Trois crises voisines et simultanées qui représentent trois défis différents pour l’État égyptien. « Le retrait de Bouteflika en Algérie présente des parallèles solides avec ce qui s’est passé en Égypte en 2011 et le gouvernement égyptien espère sans doute que l’armée algérienne maintiendra son emprise et ne permettra pas une véritable transition politique », souligne Michele Dunne, chercheuse et directrice du programme du Moyen-Orient de l’institut Carnegie à Washington, contactée par L’Orient-Le Jour. Huit ans après la tempête du printemps arabe qui avait soufflé sur la célèbre place Tahrir du Caire, le gouvernement égyptien craint que la soif de démocratie et de transparence des Algériens ne fasse ressurgir une contestation jusqu’alors matée par l’autocratie égyptienne. « Une nouvelle vague de soulèvements en Égypte, comme en 2011 ou en 2013, pourrait affaiblir le régime et le rendre vulnérable à une nouvelle crise ayant des implications et un lien avec d’autres tensions régionales – comme en Libye ou au Mali », affirme à L’OLJ Giuseppe Dentice, chercheur associé au Centre du Moyen-Orient et de l’Afrique du Nord à l’Institut italien d’études politiques internationales.
« Le président égyptien, Abdel Fattah al-Sissi, ne voudra pas voir des gouvernements démocratiques émerger dans l’un de ces trois pays, car cela contredirait sa propre démarche et le priverait d’alliés régionaux », note Michele Dunne. Le raïs égyptien tente notamment d’asseoir son pouvoir dans la durée alors qu’une commission parlementaire a autorisé une série d’amendements à la Constitution égyptienne pour lui permettre de poursuivre son mandat jusqu’en 2034. La répression contre les activistes s’est également intensifiée dernièrement. Commentant implicitement la situation dans les pays voisins, le président égyptien a dénoncé « les gens qui parlent de la situation économique et des conditions de vie, et qui gâchent ainsi leur pays, le conduisant à sa perte ». « Tout cela à un prix », a-t-il insisté au début du mois de mars lors d’une cérémonie à la mémoire des « martyrs » de guerre, avant d’ajouter que « le peuple, les jeunes enfants et les générations futures vont payer ce prix-là, celui de l’absence de stabilité ».
Carte de taille
Des propos qui s’appliquent également à la crise soudanaise. Alors que le Soudan et l’Égypte entretiennent des relations compliquées depuis plusieurs décennies, Abdel Fattah al-Sissi n’a pas toutefois hésité à apporter son soutien à Omar al-Bachir, lors d’une visite de ce dernier au Caire en janvier dernier. Un choix de destination lourd de sens pour le dirigeant soudanais, marquant son deuxième déplacement hors du pays après une étape au Qatar. La stabilité du Soudan constitue un intérêt majeur tant pour le président Bachir que pour son homologue égyptien, alors que les deux pays partagent une frontière s’étendant sur près de 1 300 kilomètres. Khartoum constitue notamment une carte de taille dans le conflit entre l’Éthiopie et l’Égypte autour de la construction d’un barrage hydroélectrique éthiopien sur le Nil Bleu.

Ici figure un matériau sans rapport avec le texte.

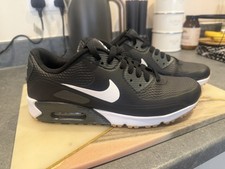 Nike Air Max 90 Golf Shoes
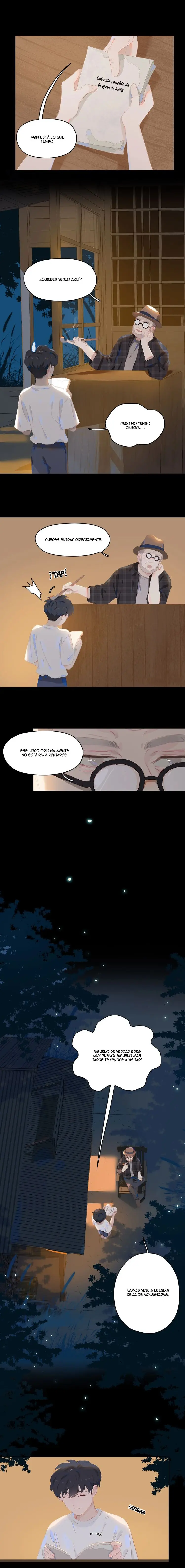 Días de Juventud (2019) - Capítulo 10.5 - Página 6 - LectorTMOo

Le projet menace les eaux du fleuve en Égypte, qui craint de voir son débit diminuer. Alors que le barrage doit ouvrir l’année prochaine, les tensions ne cessent de monter entre Addis-Abeba et Le Caire, faisant craindre une confrontation militaire entre les deux pays. L’Égypte, l’Éthiopie et le Soudan se sont notamment mis d’accord en mai 2018 pour mettre en place un groupe de recherche scientifique pour examiner le remplissage du barrage. Par conséquent, « les troubles en cours ou l’installation d’un nouveau gouvernement moins favorable au Caire constitueraient un gros problème » pour le régime égyptien, indique Michele Dunne. Toutefois, face à la montée des tensions au Soudan, « une délégation des services de renseignements égyptiens s’est récemment rendue à Khartoum pour tenter d’aider à gérer la transition attendue de Bachir – que Sissi a tenté de soutenir – à un autre chef militaire », nuance-t-elle.
Expérience démocratique
C’est toutefois en Libye que l’Égypte s’est le plus investie. Le terrain « représente un enjeu important pour la stabilité du pays et pour la légitimé politique » du président Sissi, observe Giuseppe Dentice. Le président égyptien « est capable d’ignorer la Tunisie, un petit pays, mais une expérience démocratique au Soudan, en Libye ou en Algérie constituerait un défi de taille », précise Michele Dunne. « Lui et ses alliés dans le Golfe (EAU et Arabie saoudite) pourraient bien utiliser leur puissance économique et militaire pour tenter d’empêcher que cela se produise – en fait, ils le font déjà maintenant en essayant d’installer un autre homme fort militaire en Libye », ajoute-t-elle. Le Caire n’a pas hésité à envoyer des troupes et des avions pour venir appuyer les forces du maréchal Khalifa Haftar, aux côtés des Émirats arabes unis et de la Russie. Surnommé le « Sissi libyen », Khalifa Haftar représente notamment un rempart contre le terrorisme et les Frères musulmans, aux yeux du Caire. Un ennemi commun qui constitue la bête noire du dirigeant égyptien, qui a accédé au pouvoir en 2014 suite à un coup d’État contre Mohammad Morsi, issu de cette même formation. « La frontière orientale de la Libye est devenue un refuge relativement sûr pour les milices islamistes, où des armes illégales et des militants pouvaient circuler librement de la Libye jusqu’à la péninsule du Sinaï », rappelle Giuseppe Dentice. En ayant la main sur l’Est libyen, les forces de Haftar apporteraient donc une certaine stabilité à la frontière avec l’Égypte. Le maréchal a toutefois fait monter les enchères cette semaine en lançant l’offensive sur Tripoli, aux mains des forces libyennes rivales. Si l’initiative n’a pas porté ses fruits pour le moment, elle met en exergue les ambitions de Haftar et menace l’application d’un plan de paix sous la houlette de l’ONU. Conformément aux intérêts du Caire, une victoire à Tripoli lui permettrait d’avoir la main sur la majorité du pays et de paver la voie à l’installation d’un régime autoritaire. Déjà l’année dernière, Khalifa Haftar déclarait au quotidien Jeune Afrique que « la Libye d’aujourd’hui n’est pas encore mûre pour la démocratie ». Des propos que ne renierait certainement pas Abdel Fattah al-Sissi qui déclarait en 2014 « qu’il faudrait 20 à 25 ans à l’Égypte pour instaurer une véritable démocratie ».